# Telemark



## Leturno (Feb 26, 2009)

Any updates from Telemark owners? What is the status up there? 

I loved the resort and it has a great group of dedicated owners. I hope everything is working out for them.

Scott


----------



## hofftkmn (Feb 28, 2009)

The deal they had been working on for years has fallen through. They are having an adequate season due to some nice winter weather, but it still is in need of an overhaul with no major buyer coming forth.


----------



## ronandjoan (Mar 14, 2009)

Hi Scott
I wrote you  when we first bought Telemark, and we still love it  We have 3 weeks there - We go every year.  and the extra $$ assessments are rough.  But the special owners bonus weeks (3 weeks out  as available) at $199 per week help offset those costs.
    The deal fell through because of the market downturn last fall.  There was one investor who was just ready to come on board to finish up the negotiations - three sold years working things out -- and then in Sept when the market  began  , things went on hold, and as the market continued to fall instead of recovering, ...  it is listed for  sale with COldwell Banker  rep now for  $2 mill. - a great deal!!
see this website
www.telemarkresortforsale.com


----------



## aldertond (Mar 14, 2009)

*Timeshare week*

Hi Dean,

Please list this in the classified section of TUG...rather than here on the BBS.  

Thanks, and welcome to TUG!

Steve


----------



## Leturno (Mar 16, 2009)

*You should list this in the Classified section..*

Dean,

This is a common problem even for some of the priciest timeshares out there.

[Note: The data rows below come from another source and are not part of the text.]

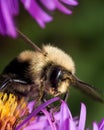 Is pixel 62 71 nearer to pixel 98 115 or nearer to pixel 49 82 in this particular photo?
pixel 49 82

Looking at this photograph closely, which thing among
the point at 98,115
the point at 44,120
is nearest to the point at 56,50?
the point at 44,120

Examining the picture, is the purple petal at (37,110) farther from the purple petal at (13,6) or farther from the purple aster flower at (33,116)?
the purple petal at (13,6)

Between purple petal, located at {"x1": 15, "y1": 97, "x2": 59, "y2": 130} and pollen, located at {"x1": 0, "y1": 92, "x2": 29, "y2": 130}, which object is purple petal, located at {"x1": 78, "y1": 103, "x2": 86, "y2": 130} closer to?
purple petal, located at {"x1": 15, "y1": 97, "x2": 59, "y2": 130}

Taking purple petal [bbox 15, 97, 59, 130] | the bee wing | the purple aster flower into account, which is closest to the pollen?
the purple aster flower

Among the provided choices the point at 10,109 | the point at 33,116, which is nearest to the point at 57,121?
the point at 33,116

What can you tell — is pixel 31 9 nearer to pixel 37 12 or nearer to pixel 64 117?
pixel 37 12

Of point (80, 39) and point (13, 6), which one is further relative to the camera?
point (80, 39) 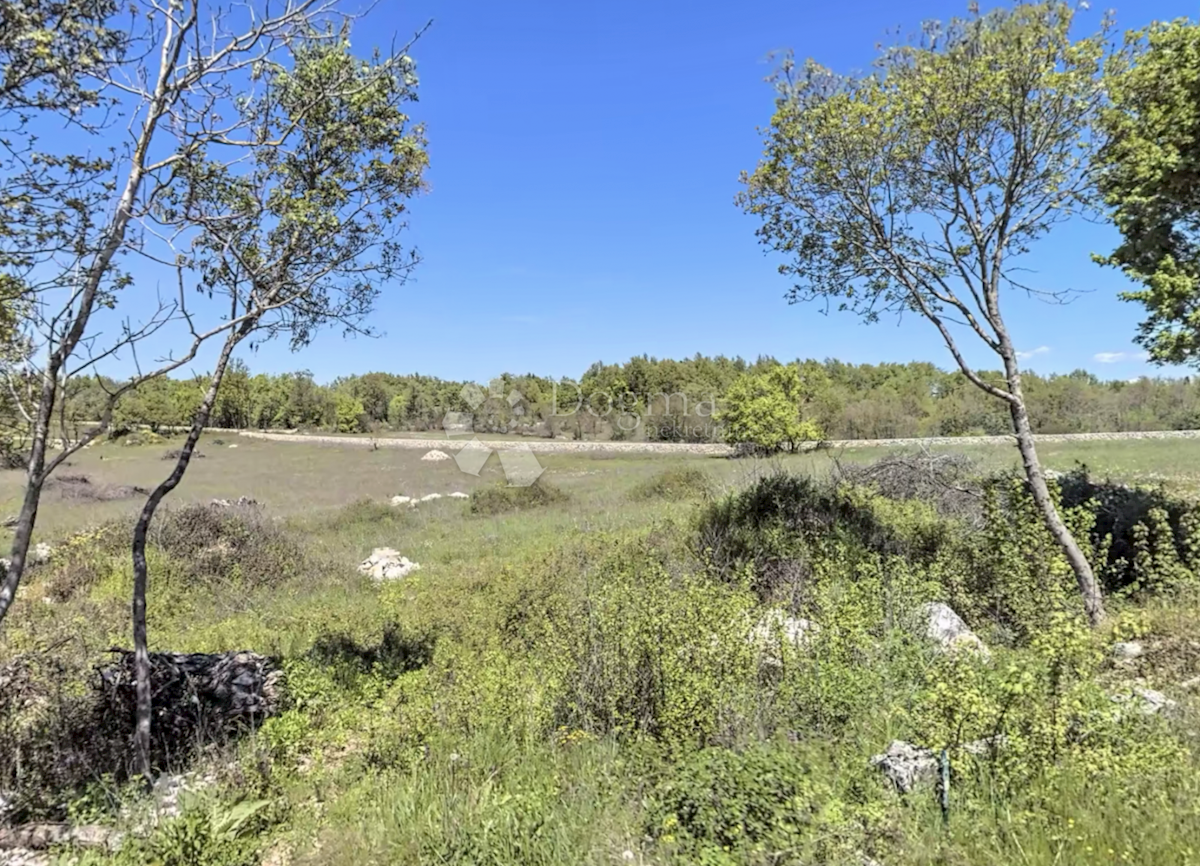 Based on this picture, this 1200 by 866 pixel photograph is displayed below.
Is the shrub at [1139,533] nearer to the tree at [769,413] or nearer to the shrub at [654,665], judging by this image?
the shrub at [654,665]

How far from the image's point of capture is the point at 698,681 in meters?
4.62

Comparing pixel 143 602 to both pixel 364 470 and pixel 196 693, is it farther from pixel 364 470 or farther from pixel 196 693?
pixel 364 470

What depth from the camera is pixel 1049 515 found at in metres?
7.14

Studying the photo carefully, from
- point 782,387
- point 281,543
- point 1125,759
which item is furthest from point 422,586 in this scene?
point 782,387

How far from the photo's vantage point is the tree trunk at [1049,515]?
22.4 feet

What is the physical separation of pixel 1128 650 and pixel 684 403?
61.8m

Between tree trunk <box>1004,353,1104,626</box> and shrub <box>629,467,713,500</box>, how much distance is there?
13.1 meters

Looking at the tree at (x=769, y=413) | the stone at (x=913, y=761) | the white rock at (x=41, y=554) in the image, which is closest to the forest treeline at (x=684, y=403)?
the tree at (x=769, y=413)

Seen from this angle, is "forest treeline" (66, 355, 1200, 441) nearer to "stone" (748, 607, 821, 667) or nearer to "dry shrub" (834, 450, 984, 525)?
"dry shrub" (834, 450, 984, 525)

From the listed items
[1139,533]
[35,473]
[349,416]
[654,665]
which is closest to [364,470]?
[35,473]

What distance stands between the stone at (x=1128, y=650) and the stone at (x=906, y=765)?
135 inches

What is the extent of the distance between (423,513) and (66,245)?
18.0 metres

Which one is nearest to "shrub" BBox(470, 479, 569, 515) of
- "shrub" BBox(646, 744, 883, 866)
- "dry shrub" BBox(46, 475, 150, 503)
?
"dry shrub" BBox(46, 475, 150, 503)

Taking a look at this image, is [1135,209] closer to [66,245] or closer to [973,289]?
[973,289]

With your membership you get one(some) free ad's in the classified section. You should post this there. A board admin will soon likely remove your post as classified don't belong in the discussion boards.

Many people list their unit for sale on Craigslist or Ebay with no minimum bid to find a buyer. 

Good luck!

Scott


----------



## Leturno (Mar 16, 2009)

*LTNS Joan!*




ronandjoan said:


> Hi Scott
> I wrote you  when we first bought Telemark, and we still love it  We have 3 weeks there - We go every year.  and the extra $$ assessments are rough.  But the special owners bonus weeks (3 weeks out  as available) at $199 per week help offset those costs.
> ... www.telemarkresortforsale.com



Joan,

I remember talking with you back then. I'm glad you are learning to maximize your ownership. I know the Telemark owners are very committed and a great group I am sure you will find a way to pull your resort you love through the tough times.


----------



## TUGBrian (Apr 28, 2010)

Updating this old thread, telemark resort is officially closing may 5th.

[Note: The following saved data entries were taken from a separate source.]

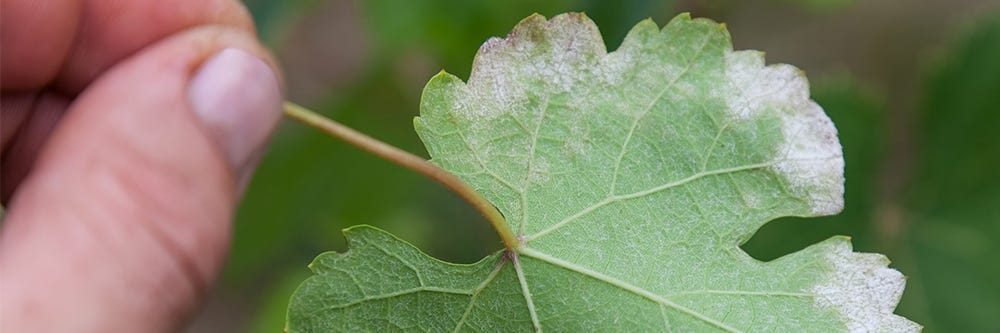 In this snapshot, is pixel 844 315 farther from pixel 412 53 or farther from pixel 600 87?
pixel 412 53

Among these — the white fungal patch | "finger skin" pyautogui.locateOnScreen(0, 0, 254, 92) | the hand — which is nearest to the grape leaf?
the white fungal patch

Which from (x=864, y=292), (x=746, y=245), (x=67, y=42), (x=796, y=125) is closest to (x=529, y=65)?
(x=796, y=125)

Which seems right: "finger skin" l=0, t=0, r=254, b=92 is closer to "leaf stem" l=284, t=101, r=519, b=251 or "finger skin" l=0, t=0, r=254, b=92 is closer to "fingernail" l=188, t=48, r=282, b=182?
"fingernail" l=188, t=48, r=282, b=182

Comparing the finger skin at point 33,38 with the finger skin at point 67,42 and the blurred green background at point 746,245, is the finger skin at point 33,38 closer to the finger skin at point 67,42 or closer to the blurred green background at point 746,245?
the finger skin at point 67,42

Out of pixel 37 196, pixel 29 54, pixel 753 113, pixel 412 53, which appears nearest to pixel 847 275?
pixel 753 113

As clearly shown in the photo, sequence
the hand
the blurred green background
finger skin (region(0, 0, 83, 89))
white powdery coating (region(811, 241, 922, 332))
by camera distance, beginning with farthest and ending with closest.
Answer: the blurred green background < finger skin (region(0, 0, 83, 89)) < white powdery coating (region(811, 241, 922, 332)) < the hand

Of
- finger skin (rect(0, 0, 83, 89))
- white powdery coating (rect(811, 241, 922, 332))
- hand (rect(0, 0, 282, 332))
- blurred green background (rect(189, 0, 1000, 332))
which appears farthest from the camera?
blurred green background (rect(189, 0, 1000, 332))

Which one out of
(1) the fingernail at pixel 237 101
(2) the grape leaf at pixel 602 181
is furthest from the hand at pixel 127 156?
(2) the grape leaf at pixel 602 181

http://www.jsonline.com/blogs/lifestyle/92263049.html


----------



## JudyS (Apr 29, 2010)

I hadn't heard about this situation -- what caused this resort to run into such trouble? 

What happens with current ownerships? Will their be an attempt to sell the underlying real estate, and give the proceeds to the owners?


----------



## Leturno (May 17, 2010)

*quick reply*



JudyS said:


> I hadn't heard about this situation -- what caused this resort to run into such trouble?
> 
> What happens with current ownerships? Will their be an attempt to sell the underlying real estate, and give the proceeds to the owners?



Judy,

The resort was purchased out of bankruptcy by the timeshare owners and their association(s). They are a great group of owners and very dedicated to their resort. The resort was at one time a very popular down hill ski resort. After the timeshare developer went bankrupt much of the ski equipment (lifts and such) were sold off. The ski runs never reopened. The resort is a center for cross country ski and mountain bikes and there are two very large national events that either begin or terminate at the resort. These being the Birkebeiner and the Fat Tire. I will leave you to figure out which is which event ;-). 
It is a large resort with much expense. Much of the facilities and accommodations were neglected by the timeshare developer going into the developers bankruptcy and the timeshare owners after their purchase did all they could to renovate and make the resort relevant in todays travel market. It just wasn't working out for the timeshare owners who needed someone who had the resources to run a large resort and attract a new line of business to keep the rooms and restaurants filled when the major races were not filling the facilities. The resort has been for sale for a long time and the owners continued to really support the resort.
Hopefully this latest purchaser will get their financing and revitalize this great resort. I am sure the timeshare will continue on and nobody will loose their ownership. Again it is a great group of dedicated owners so I am sure they will have a future. It must be a very painful and hard decision to close the doors on the main resort and lay off the staff.

Scott


----------